== Task objective ==
Nothing but the lines below from the one with "Coque pour iPhone" through the one with "Tkaniną 793288 Szezlong" should be output, each exactly as given, and no pictures.

== Records to process ==
○ ○ ○ ○ ○ ○ ○

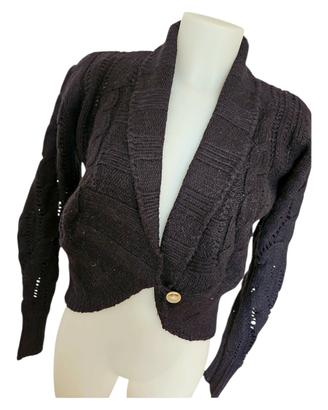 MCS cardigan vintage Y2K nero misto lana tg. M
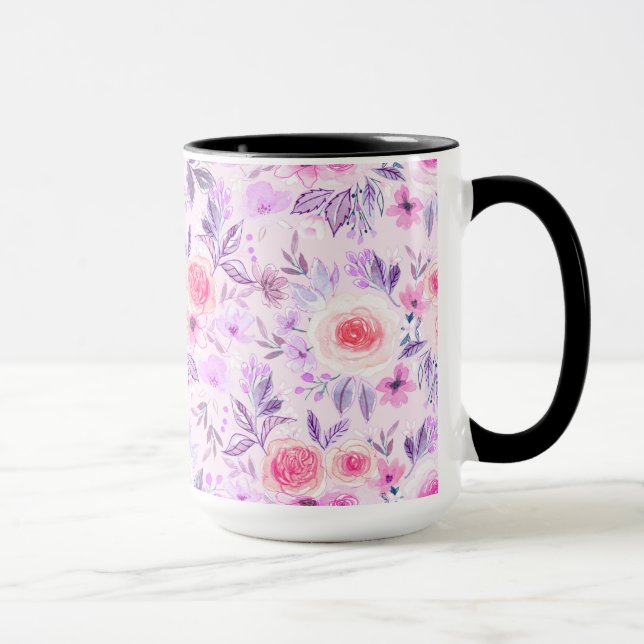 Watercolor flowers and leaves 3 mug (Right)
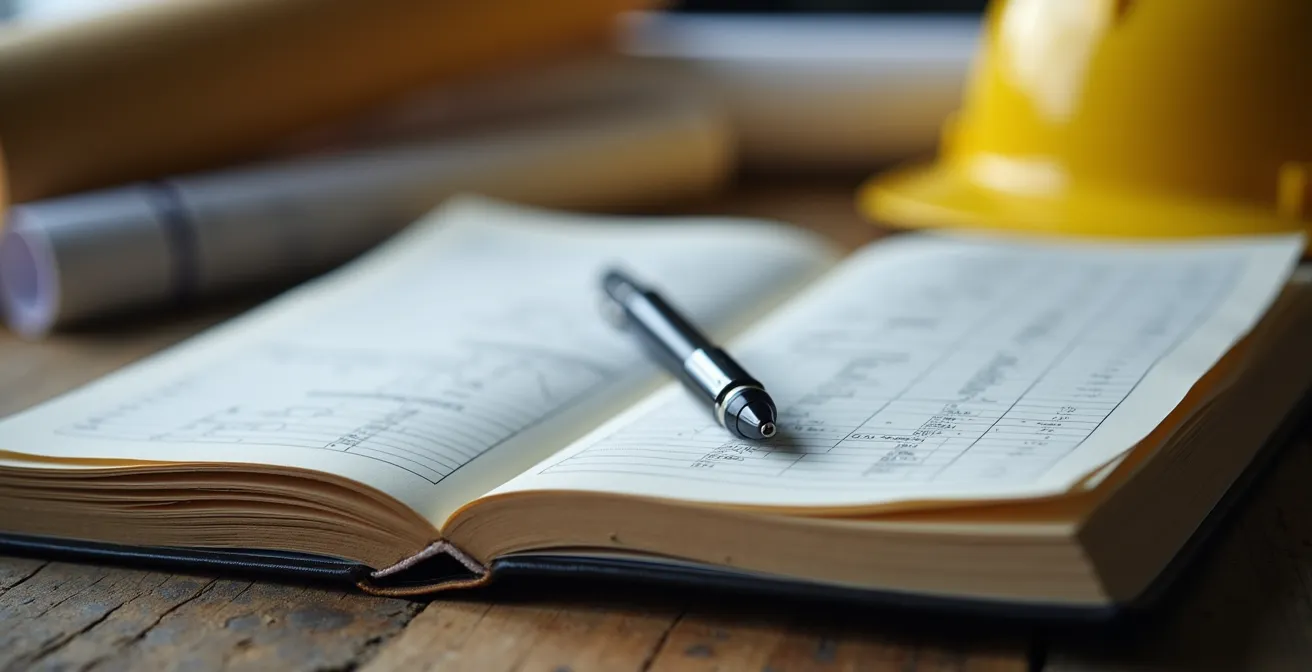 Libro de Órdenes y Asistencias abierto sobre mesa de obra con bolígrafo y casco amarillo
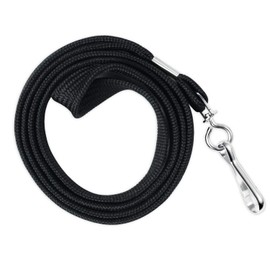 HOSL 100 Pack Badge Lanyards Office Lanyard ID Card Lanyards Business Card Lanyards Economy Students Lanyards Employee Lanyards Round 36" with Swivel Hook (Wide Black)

○ ○ ○ ○ ○ ○ ○

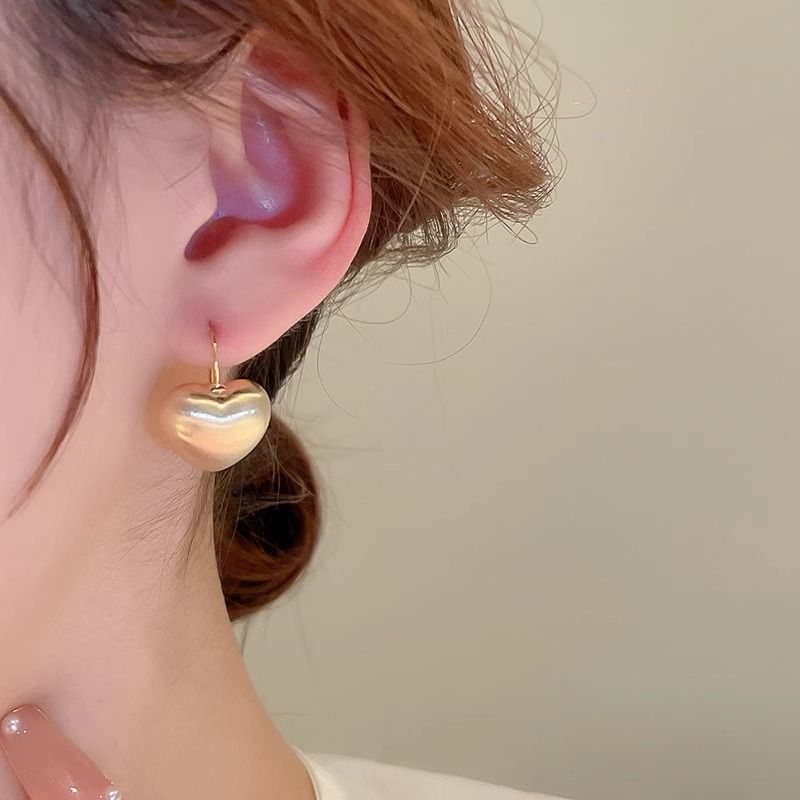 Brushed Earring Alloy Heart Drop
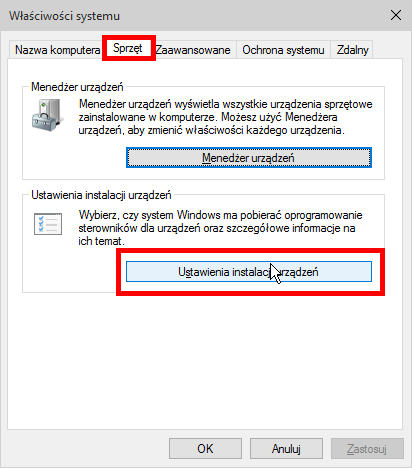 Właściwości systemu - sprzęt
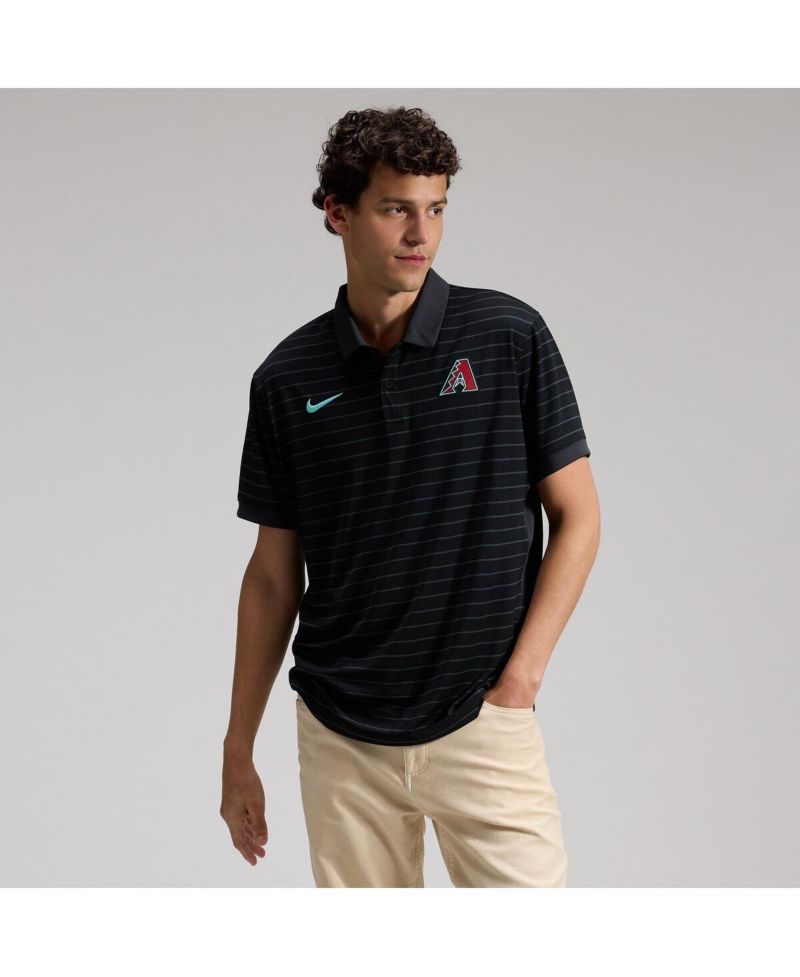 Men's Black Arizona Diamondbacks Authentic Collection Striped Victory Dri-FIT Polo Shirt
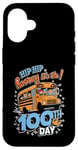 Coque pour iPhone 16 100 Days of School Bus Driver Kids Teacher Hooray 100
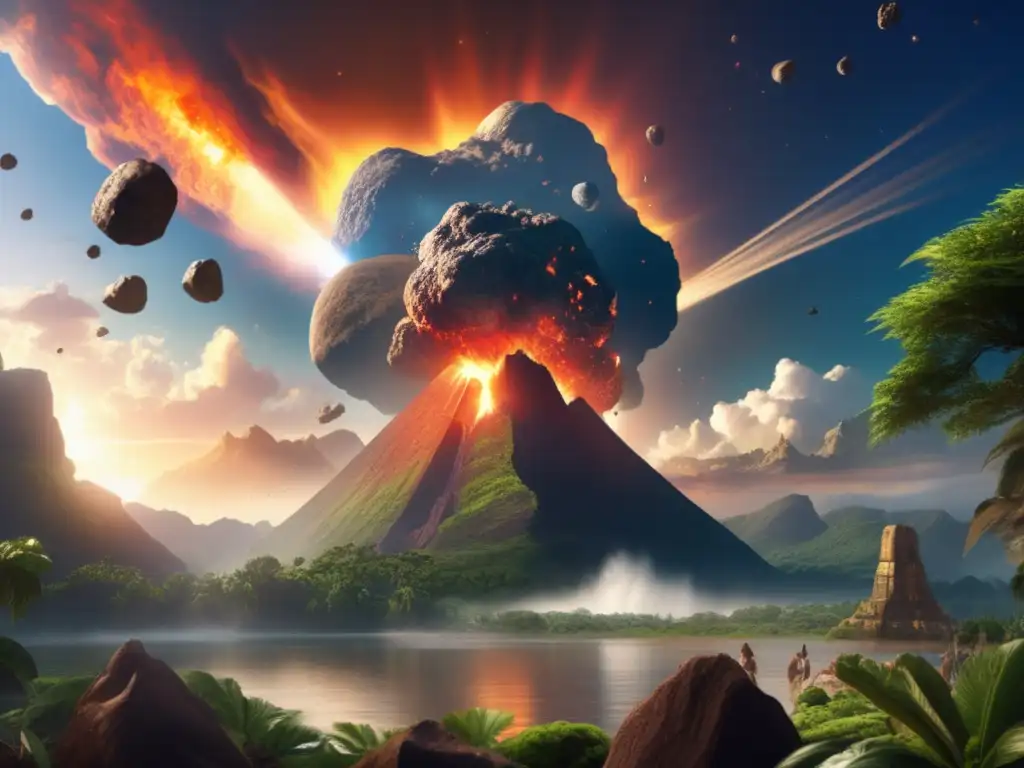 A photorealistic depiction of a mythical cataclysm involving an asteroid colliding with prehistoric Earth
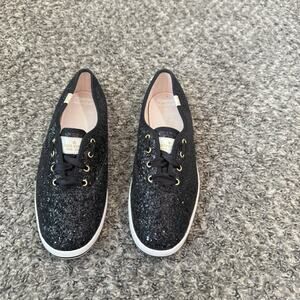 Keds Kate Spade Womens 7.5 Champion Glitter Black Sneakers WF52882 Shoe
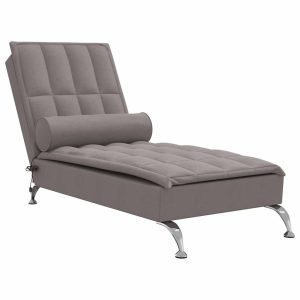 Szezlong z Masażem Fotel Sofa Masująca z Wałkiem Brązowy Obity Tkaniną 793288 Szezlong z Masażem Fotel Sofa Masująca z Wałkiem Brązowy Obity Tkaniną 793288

○ ○ ○ ○ ○ ○ ○

== Answer ==
 Coque pour iPhone 16 100 Days of School Bus Driver Kids Teacher Hooray 100
 A photorealistic depiction of a mythical cataclysm involving an asteroid colliding with prehistoric Earth
 Keds Kate Spade Womens 7.5 Champion Glitter Black Sneakers WF52882 Shoe
 Szezlong z Masażem Fotel Sofa Masująca z Wałkiem Brązowy Obity Tkaniną 793288 Szezlong z Masażem Fotel Sofa Masująca z Wałkiem Brązowy Obity Tkaniną 793288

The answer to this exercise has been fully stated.